## Data block
****************************************

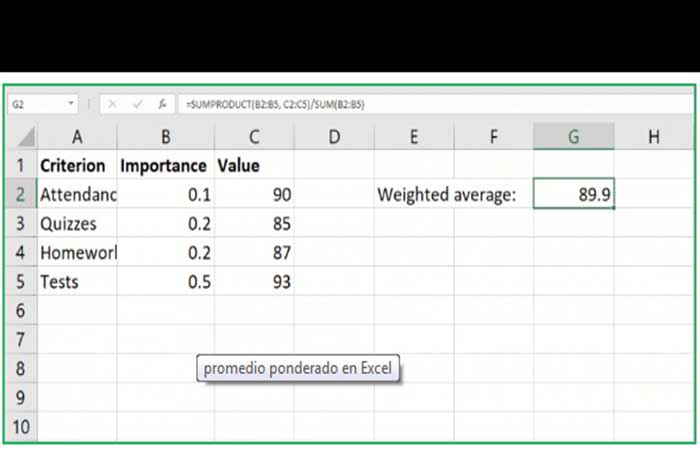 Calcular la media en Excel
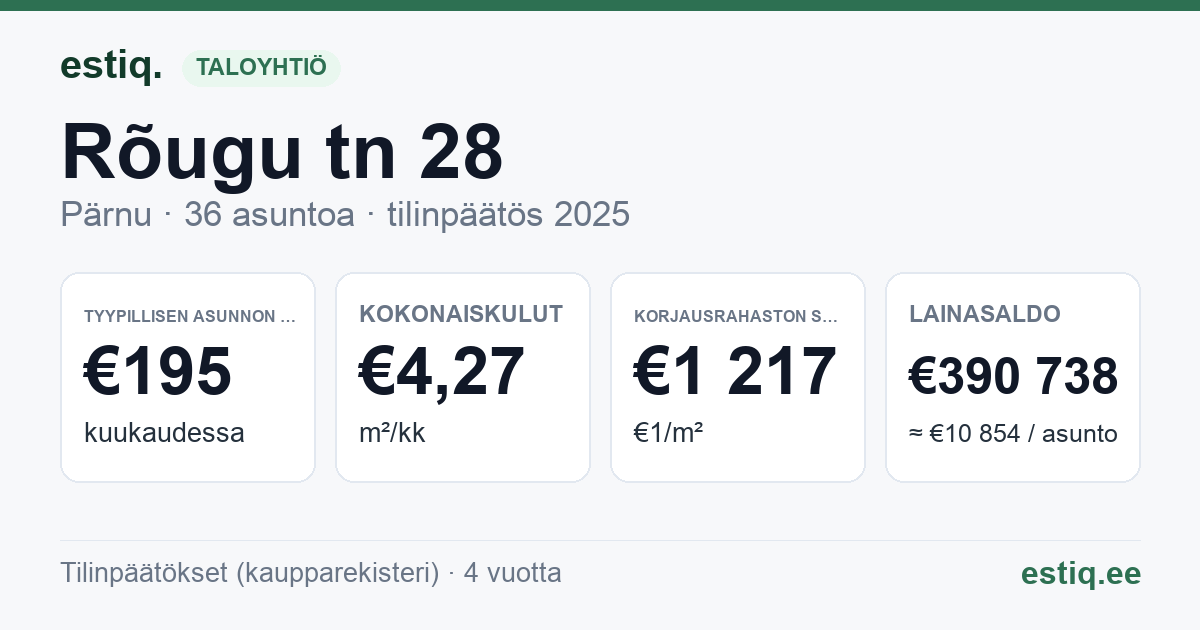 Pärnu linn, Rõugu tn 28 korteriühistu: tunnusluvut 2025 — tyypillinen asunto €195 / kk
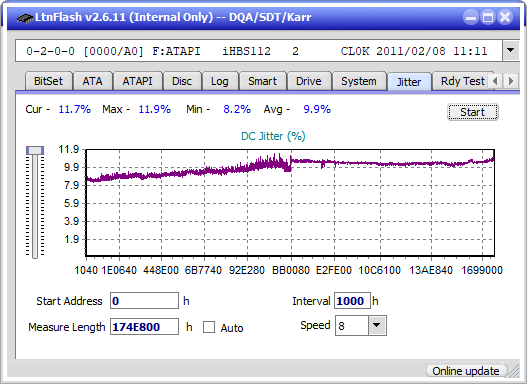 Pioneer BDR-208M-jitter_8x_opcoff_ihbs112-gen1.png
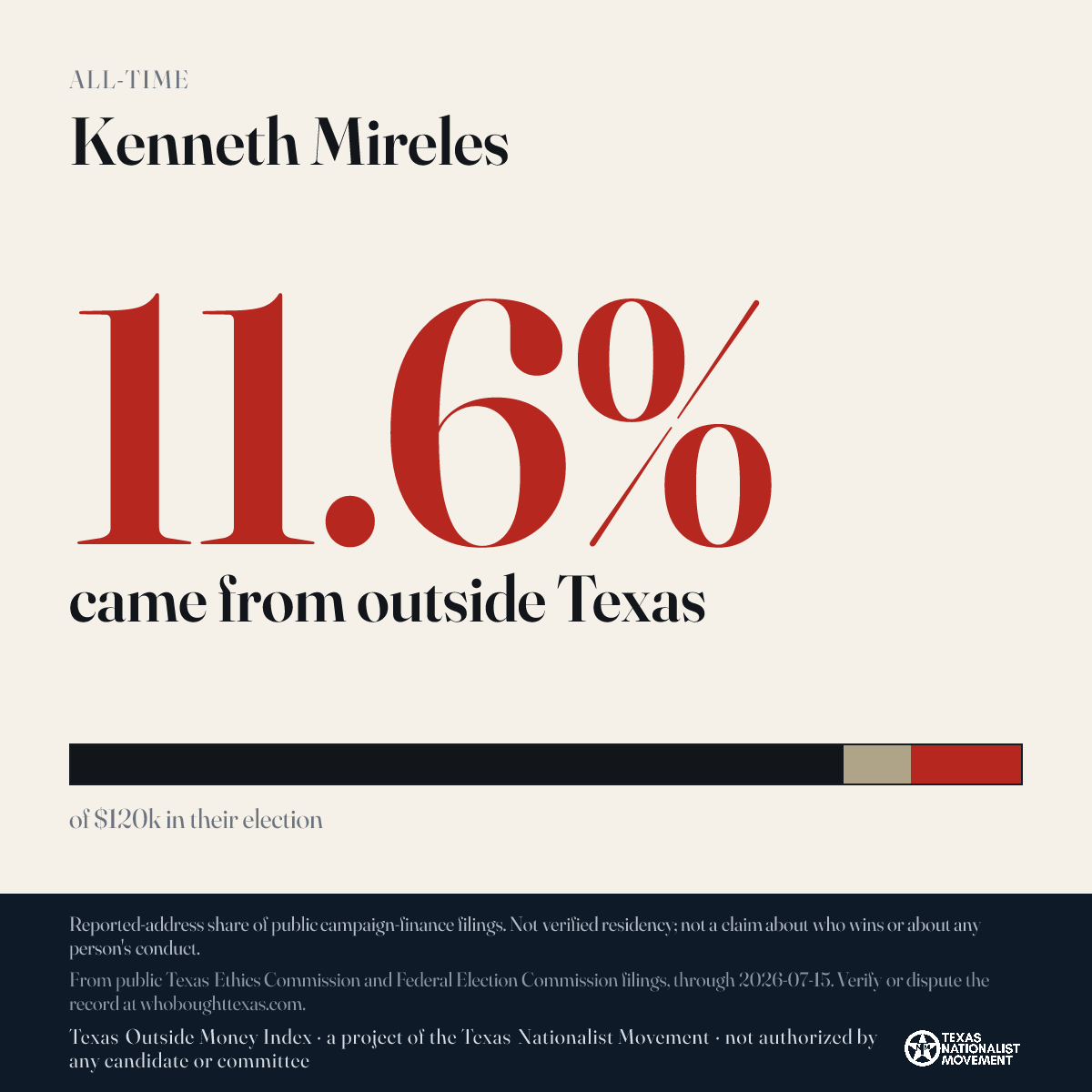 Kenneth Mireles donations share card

****************************************

Once the pictures are dropped, repeat the data above exactly.

## Written response
 Calcular la media en Excel
 Pärnu linn, Rõugu tn 28 korteriühistu: tunnusluvut 2025 — tyypillinen asunto €195 / kk
 Pioneer BDR-208M-jitter_8x_opcoff_ihbs112-gen1.png
 Kenneth Mireles donations share card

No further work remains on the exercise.